Revolutions is back with another installment of Staxx of Wax, this time featuring DJ Said of Fatsouls Records — a night dedicated to the dying (or is it undying?) art of crate-digging and analog sound. No Spotify queue. No AI-curated vibes. Just a human being selecting records one at a time and putting needle to groove.

Look, we're not here to romanticize everything old just because it's old. But there's a case to be made that San Francisco's cultural soul lives in events like these — small, grassroots, community-driven gatherings that don't require a $40 million city grant or a commission study to exist. Nobody on the Board of Supervisors had to approve this. No "activation committee" was consulted. Someone booked a DJ, picked a venue, and let the music do the talking.

That's the free market of culture working exactly as it should.

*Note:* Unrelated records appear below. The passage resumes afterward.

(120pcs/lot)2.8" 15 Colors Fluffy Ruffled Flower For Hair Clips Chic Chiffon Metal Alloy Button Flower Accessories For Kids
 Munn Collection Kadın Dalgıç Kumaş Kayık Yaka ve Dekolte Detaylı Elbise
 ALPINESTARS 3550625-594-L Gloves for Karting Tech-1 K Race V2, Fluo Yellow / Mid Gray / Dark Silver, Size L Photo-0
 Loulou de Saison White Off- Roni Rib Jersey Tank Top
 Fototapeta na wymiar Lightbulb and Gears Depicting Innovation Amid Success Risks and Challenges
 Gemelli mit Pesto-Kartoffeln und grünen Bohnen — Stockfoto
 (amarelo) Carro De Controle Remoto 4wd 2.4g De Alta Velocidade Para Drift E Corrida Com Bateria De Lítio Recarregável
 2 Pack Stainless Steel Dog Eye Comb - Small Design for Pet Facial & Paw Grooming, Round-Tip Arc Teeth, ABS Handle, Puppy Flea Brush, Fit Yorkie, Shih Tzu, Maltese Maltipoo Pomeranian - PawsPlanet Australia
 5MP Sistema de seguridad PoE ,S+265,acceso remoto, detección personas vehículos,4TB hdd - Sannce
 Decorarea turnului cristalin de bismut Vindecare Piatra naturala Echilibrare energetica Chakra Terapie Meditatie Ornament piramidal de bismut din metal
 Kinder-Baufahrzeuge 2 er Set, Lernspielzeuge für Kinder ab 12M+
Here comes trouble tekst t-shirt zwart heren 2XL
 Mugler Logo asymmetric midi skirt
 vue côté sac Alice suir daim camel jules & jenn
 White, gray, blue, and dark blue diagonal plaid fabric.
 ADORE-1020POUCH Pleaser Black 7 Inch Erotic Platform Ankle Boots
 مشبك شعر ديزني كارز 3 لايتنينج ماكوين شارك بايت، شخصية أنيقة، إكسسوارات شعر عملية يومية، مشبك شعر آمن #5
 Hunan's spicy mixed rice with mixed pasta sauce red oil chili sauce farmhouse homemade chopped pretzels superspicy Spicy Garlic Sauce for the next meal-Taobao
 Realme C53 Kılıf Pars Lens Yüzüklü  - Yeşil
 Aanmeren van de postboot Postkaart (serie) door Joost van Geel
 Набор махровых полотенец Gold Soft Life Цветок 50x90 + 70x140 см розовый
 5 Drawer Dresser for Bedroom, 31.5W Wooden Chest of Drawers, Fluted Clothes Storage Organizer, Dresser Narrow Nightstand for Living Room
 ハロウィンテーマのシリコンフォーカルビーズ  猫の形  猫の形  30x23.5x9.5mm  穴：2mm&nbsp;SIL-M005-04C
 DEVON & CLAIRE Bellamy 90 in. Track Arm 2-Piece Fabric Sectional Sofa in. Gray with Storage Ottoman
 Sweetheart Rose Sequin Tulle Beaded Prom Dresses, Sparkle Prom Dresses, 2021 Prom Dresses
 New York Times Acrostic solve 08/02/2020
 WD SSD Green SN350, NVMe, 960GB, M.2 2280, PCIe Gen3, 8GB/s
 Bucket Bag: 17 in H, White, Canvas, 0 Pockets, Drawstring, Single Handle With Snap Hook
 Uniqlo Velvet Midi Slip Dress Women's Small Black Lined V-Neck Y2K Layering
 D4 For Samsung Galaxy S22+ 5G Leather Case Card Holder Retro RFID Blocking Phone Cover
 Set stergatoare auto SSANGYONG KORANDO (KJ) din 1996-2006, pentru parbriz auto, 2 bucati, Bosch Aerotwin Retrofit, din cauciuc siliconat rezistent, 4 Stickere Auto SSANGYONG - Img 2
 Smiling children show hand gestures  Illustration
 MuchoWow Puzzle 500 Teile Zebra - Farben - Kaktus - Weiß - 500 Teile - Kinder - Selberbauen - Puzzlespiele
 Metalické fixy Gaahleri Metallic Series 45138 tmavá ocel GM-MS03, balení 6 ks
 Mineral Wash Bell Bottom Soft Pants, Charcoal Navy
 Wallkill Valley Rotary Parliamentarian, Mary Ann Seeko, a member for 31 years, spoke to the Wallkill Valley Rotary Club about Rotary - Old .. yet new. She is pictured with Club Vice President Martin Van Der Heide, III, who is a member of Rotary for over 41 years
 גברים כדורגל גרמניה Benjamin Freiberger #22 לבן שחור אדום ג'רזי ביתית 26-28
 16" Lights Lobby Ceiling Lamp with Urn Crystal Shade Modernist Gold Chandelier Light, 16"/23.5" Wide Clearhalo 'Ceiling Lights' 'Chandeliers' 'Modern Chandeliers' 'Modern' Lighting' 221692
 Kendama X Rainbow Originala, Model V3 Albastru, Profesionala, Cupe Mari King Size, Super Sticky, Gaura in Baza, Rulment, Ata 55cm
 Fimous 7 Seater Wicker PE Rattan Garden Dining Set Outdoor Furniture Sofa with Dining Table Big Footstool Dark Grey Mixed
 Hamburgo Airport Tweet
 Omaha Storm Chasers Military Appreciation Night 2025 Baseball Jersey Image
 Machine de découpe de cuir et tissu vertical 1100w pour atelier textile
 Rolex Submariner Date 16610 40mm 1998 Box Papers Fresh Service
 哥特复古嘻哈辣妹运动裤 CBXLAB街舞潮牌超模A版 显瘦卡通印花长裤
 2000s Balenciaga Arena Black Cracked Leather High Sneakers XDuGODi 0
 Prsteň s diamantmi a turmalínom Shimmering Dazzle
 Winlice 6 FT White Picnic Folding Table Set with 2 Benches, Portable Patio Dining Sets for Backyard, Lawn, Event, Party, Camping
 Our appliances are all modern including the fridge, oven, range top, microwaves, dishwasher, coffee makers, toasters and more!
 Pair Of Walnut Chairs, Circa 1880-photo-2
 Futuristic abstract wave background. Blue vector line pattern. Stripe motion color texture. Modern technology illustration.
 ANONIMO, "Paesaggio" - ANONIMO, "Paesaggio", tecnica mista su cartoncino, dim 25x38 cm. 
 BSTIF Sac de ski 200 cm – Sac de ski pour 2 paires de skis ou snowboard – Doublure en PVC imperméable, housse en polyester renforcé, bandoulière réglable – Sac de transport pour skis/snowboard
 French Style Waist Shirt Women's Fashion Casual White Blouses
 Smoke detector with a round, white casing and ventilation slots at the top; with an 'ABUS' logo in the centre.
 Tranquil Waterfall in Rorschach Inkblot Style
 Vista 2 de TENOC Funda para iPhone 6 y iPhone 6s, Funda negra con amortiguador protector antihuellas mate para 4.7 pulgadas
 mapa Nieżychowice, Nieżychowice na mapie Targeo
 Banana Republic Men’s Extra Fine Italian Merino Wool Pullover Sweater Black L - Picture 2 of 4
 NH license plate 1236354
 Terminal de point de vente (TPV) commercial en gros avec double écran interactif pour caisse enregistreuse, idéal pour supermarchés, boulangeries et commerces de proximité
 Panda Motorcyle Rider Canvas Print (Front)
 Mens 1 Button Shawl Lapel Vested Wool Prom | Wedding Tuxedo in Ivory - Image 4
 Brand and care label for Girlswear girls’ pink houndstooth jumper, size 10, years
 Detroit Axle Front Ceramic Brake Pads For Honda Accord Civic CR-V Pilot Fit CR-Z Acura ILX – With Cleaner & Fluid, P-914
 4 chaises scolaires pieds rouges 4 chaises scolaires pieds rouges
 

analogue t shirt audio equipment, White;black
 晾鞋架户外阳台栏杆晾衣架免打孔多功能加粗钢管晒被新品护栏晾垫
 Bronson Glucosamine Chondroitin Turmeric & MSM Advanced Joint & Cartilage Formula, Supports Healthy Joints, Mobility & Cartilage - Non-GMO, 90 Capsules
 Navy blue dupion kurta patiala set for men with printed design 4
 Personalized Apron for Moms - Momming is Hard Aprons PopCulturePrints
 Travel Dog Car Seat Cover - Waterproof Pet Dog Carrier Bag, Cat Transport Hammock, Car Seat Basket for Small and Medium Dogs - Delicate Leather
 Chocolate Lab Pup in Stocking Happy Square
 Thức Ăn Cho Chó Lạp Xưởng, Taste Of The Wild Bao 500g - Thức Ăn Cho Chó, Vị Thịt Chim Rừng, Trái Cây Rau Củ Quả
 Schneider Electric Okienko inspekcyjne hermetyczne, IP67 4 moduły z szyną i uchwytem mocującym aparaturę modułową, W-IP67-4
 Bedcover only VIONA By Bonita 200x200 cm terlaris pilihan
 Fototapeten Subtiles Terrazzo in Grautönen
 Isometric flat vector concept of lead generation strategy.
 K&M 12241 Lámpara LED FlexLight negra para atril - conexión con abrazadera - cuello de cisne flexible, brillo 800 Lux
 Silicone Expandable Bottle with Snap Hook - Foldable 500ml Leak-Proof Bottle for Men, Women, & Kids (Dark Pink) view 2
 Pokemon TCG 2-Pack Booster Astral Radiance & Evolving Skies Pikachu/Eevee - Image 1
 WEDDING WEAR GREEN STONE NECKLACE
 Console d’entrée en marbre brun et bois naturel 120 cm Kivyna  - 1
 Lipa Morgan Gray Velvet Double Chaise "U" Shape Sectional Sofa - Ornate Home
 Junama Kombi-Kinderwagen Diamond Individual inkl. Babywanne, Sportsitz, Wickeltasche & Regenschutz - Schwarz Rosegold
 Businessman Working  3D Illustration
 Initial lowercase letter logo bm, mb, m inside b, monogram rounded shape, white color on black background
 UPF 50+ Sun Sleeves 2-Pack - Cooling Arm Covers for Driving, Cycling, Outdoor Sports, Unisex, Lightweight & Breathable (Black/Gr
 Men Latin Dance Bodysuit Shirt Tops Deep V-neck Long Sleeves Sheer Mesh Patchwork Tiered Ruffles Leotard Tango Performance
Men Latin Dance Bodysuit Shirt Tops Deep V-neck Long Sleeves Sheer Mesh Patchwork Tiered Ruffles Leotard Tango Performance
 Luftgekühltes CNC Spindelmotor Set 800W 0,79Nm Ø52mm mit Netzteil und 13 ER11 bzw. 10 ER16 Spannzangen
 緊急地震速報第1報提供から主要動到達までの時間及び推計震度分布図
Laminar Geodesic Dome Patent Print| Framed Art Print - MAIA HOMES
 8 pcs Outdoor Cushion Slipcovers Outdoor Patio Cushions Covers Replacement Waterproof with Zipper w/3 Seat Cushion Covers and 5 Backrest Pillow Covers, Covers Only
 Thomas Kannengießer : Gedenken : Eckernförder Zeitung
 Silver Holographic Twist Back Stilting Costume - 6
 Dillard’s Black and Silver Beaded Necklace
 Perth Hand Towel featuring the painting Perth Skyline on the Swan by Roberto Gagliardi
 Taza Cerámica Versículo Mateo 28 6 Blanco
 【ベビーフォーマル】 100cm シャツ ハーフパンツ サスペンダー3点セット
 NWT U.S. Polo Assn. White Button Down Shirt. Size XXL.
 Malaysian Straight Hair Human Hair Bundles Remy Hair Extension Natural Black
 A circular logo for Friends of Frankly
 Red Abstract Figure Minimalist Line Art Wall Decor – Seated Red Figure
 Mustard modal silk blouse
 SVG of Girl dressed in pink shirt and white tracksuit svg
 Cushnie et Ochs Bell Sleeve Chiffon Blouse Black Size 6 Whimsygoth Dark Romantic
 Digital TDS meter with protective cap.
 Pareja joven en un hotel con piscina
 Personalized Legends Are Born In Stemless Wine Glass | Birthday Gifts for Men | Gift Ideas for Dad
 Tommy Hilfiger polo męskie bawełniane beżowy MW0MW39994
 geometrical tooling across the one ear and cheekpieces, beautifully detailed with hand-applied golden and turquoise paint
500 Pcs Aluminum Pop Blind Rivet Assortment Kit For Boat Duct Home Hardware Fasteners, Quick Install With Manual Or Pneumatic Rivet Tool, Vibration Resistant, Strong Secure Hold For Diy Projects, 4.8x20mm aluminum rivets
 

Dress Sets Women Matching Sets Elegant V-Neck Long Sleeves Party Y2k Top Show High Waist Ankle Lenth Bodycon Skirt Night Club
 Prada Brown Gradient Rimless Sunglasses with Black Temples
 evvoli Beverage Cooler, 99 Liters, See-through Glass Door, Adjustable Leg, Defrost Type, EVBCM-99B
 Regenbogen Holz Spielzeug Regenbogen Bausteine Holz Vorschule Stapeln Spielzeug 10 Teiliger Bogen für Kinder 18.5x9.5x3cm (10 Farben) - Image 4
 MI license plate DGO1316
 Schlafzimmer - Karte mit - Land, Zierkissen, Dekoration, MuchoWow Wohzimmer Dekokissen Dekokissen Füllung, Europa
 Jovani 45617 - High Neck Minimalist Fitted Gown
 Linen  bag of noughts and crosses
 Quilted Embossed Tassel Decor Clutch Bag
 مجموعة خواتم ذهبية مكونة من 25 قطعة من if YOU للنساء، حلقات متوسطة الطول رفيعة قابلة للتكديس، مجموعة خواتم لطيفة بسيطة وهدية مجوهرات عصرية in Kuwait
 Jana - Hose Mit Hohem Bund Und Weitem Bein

San Francisco spends an astonishing amount of money trying to manufacture the kind of nightlife and arts scene that events like Staxx of Wax create organically. The city has poured millions into "cultural districts" and programming initiatives while simultaneously strangling small venues with regulations and permit headaches. Meanwhile, the actual culture just... happens, when you let it.

DJ Said and the Fatsouls Records crew represent exactly the kind of independent, entrepreneurial spirit this city was built on — long before it became synonymous with billion-dollar valuations and government bloat. If you're tired of letting an algorithm tell you what to listen to, maybe let a real human surprise you for a night.

Your ears — and your faith in grassroots San Francisco — will thank you.